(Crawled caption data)
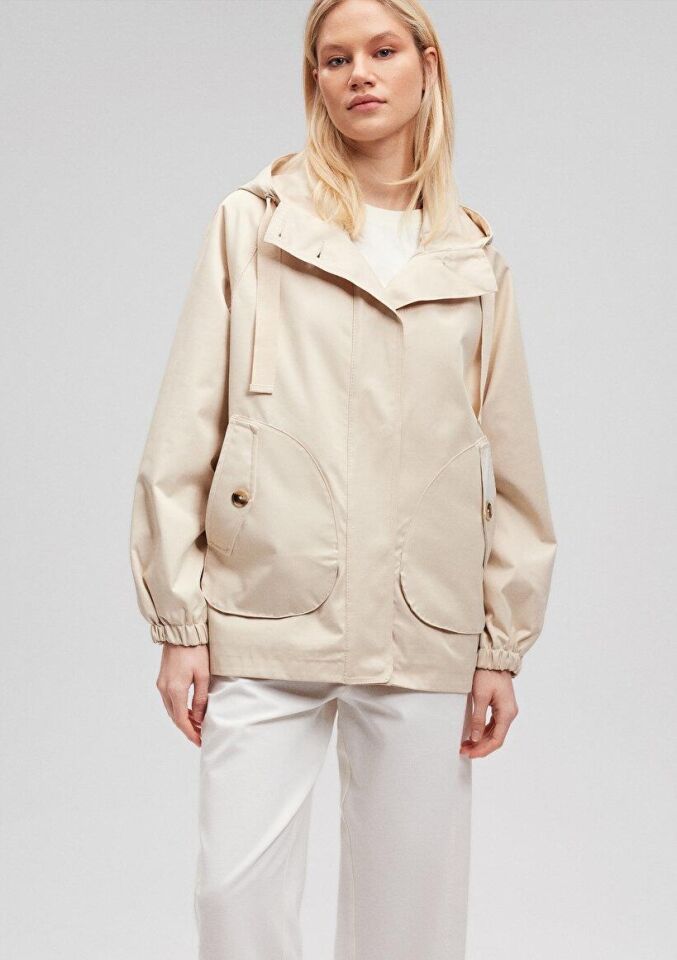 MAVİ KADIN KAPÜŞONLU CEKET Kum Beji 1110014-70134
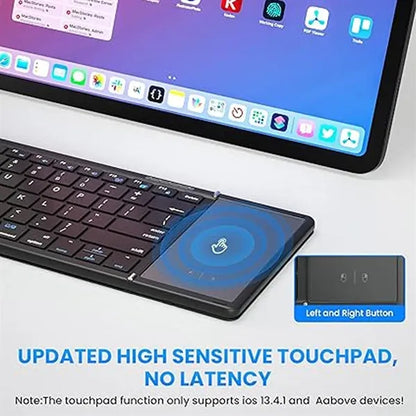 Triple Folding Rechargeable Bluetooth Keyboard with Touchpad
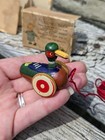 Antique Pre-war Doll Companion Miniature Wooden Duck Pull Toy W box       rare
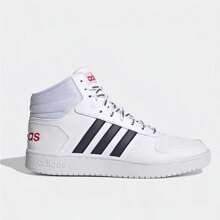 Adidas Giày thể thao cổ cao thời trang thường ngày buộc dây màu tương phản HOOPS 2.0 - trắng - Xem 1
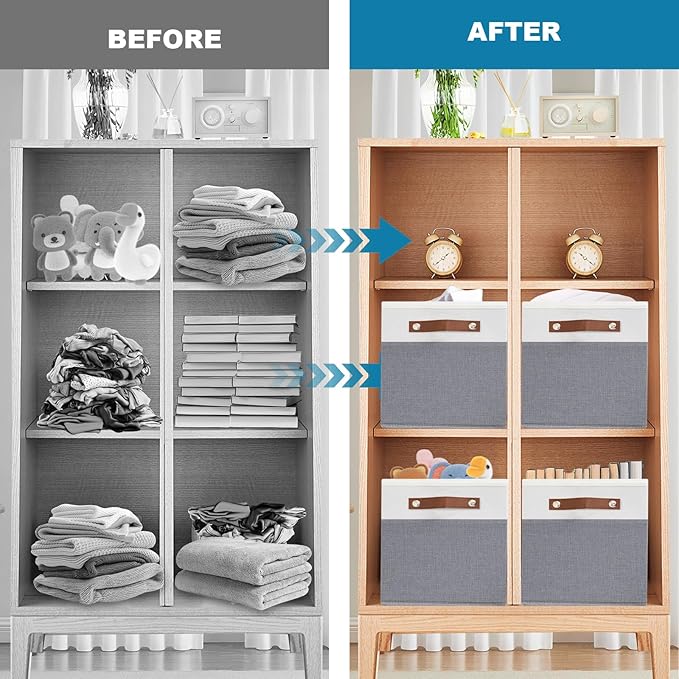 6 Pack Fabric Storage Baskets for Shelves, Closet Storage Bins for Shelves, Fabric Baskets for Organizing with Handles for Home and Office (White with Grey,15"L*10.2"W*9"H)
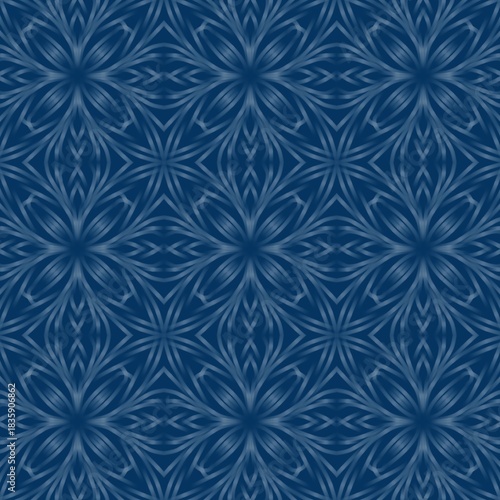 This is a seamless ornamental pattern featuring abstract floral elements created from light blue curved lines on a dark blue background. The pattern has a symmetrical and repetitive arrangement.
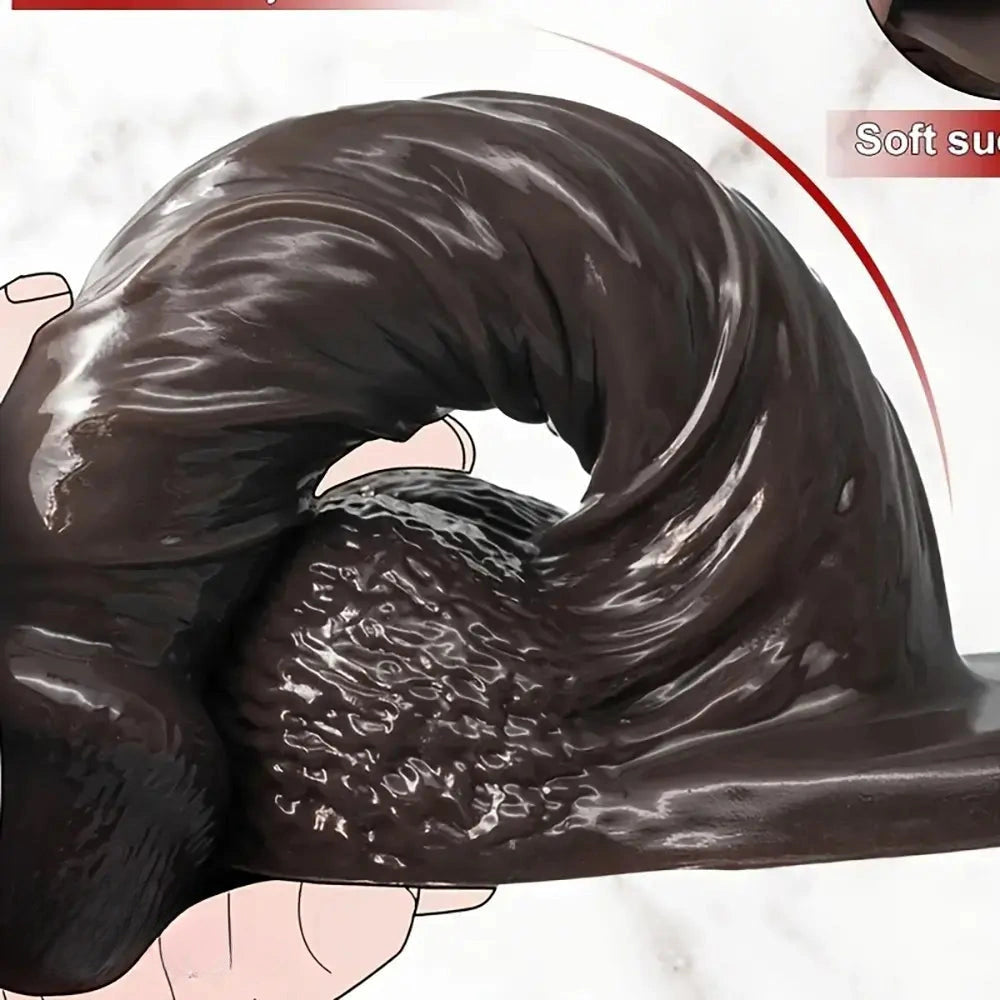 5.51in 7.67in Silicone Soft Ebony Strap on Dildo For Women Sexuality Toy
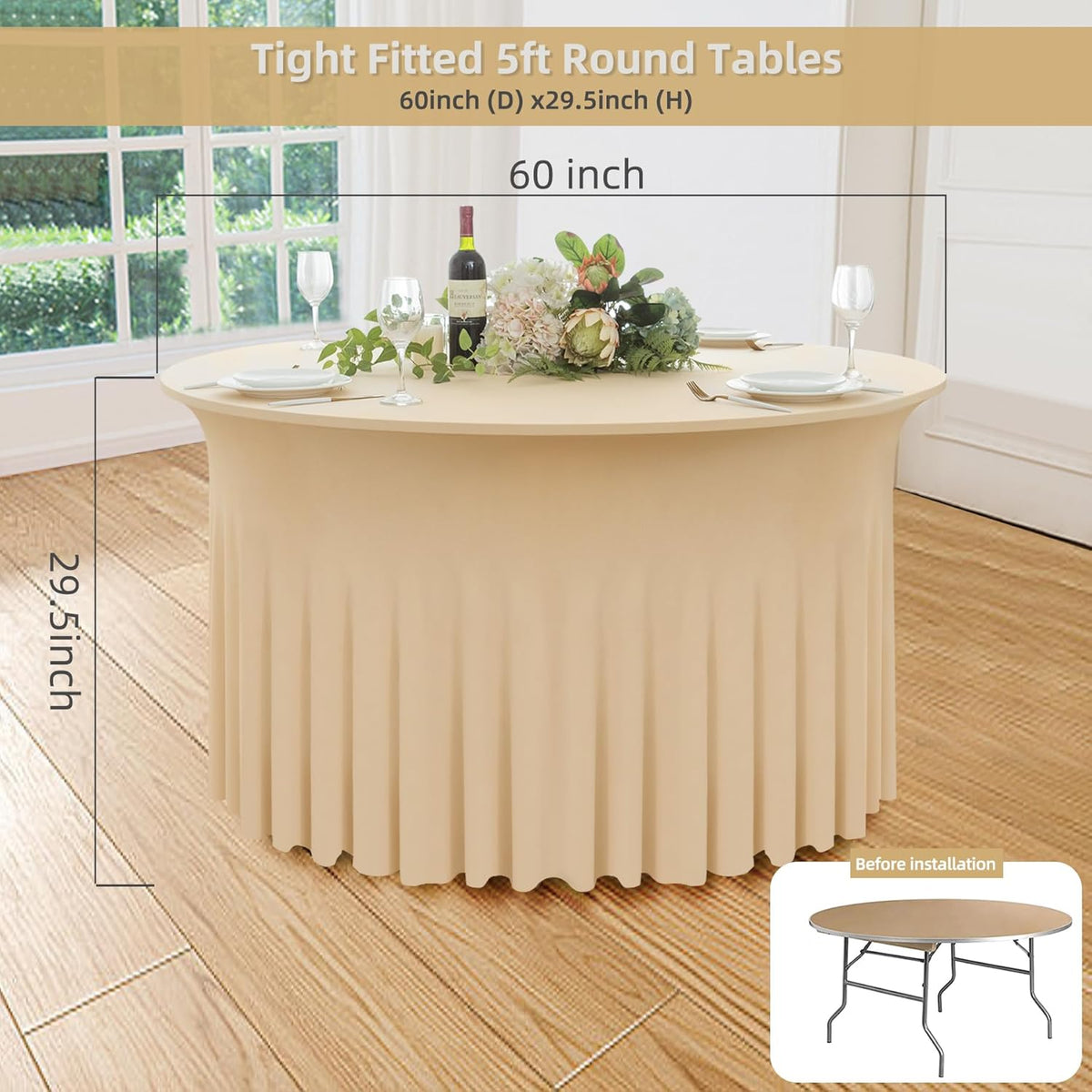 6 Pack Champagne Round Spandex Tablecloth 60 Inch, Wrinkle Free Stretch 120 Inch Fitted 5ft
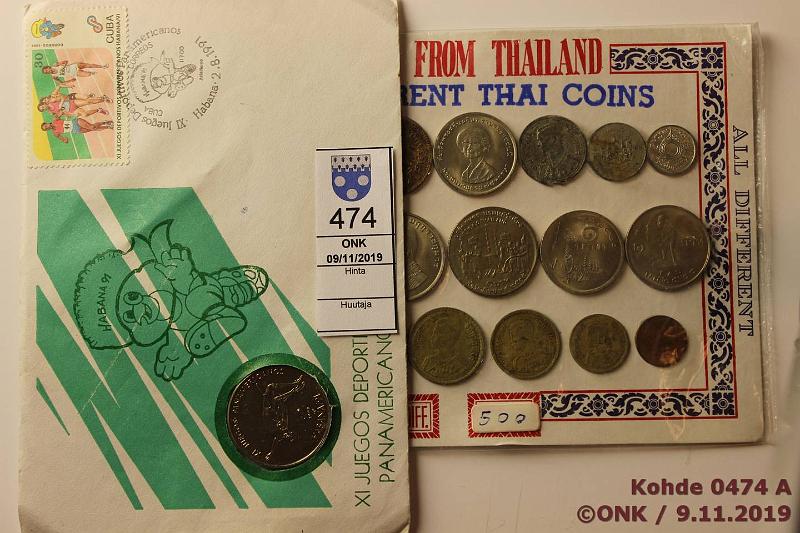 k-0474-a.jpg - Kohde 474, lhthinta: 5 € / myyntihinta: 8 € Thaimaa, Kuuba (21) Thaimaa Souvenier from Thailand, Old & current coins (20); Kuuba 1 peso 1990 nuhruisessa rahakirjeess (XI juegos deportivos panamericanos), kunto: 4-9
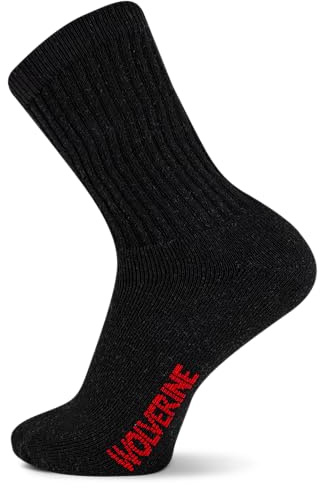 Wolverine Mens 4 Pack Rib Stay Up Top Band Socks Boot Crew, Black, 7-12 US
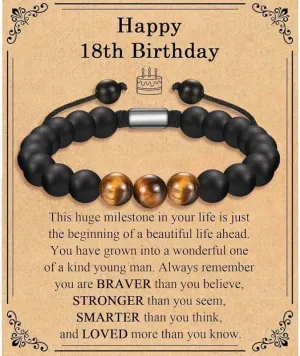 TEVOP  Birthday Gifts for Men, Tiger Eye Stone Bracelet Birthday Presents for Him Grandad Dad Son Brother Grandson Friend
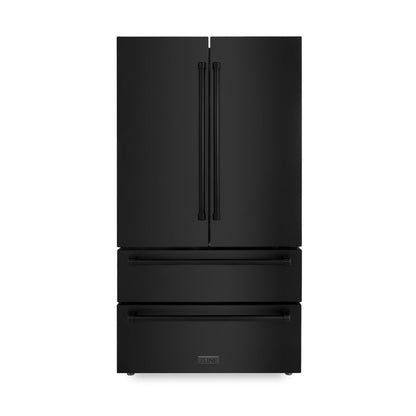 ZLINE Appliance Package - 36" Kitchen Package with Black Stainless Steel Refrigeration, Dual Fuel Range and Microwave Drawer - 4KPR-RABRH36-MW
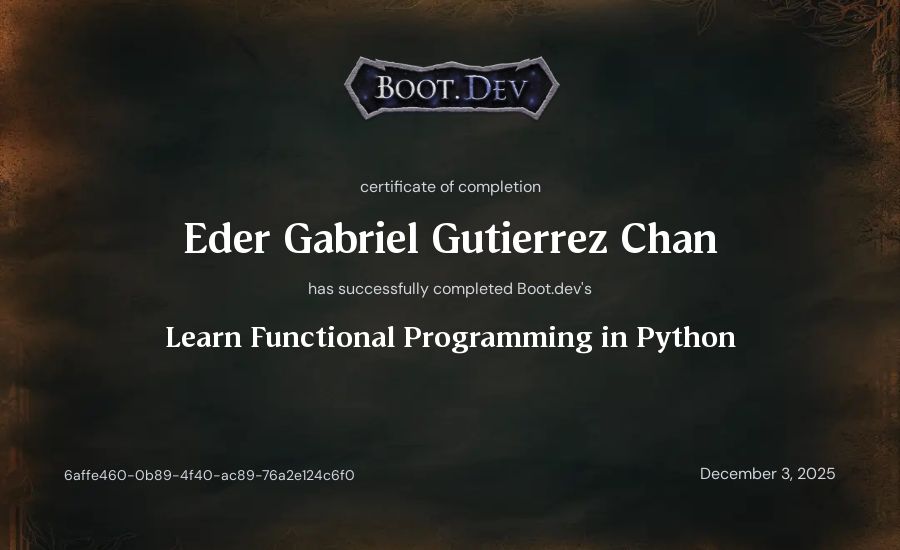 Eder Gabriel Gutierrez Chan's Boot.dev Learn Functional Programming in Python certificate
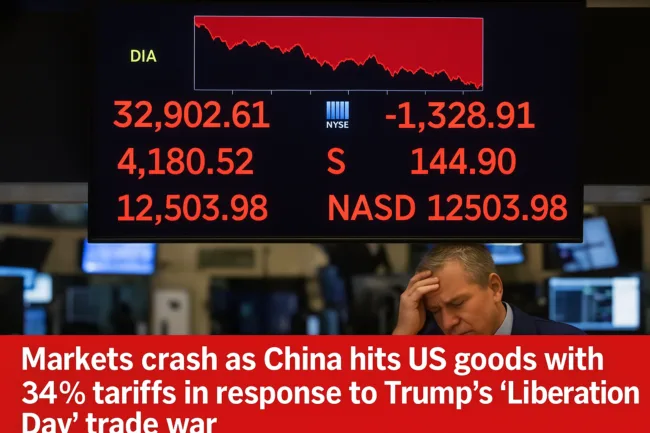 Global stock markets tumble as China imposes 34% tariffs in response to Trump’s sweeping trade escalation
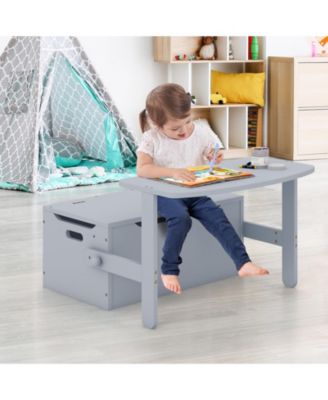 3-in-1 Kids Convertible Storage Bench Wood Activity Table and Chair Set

[EXERCISE AIM]
In the entries above, find the line with "Triple Folding Rechargeable" and the line with "Adidas Giày thể". Return exactly those lines and all the ones between them, pictures excluded.

[RESPONSE BELOW]
 Triple Folding Rechargeable Bluetooth Keyboard with Touchpad
 Antique Pre-war Doll Companion Miniature Wooden Duck Pull Toy W box       rare
 Adidas Giày thể thao cổ cao thời trang thường ngày buộc dây màu tương phản HOOPS 2.0 - trắng - Xem 1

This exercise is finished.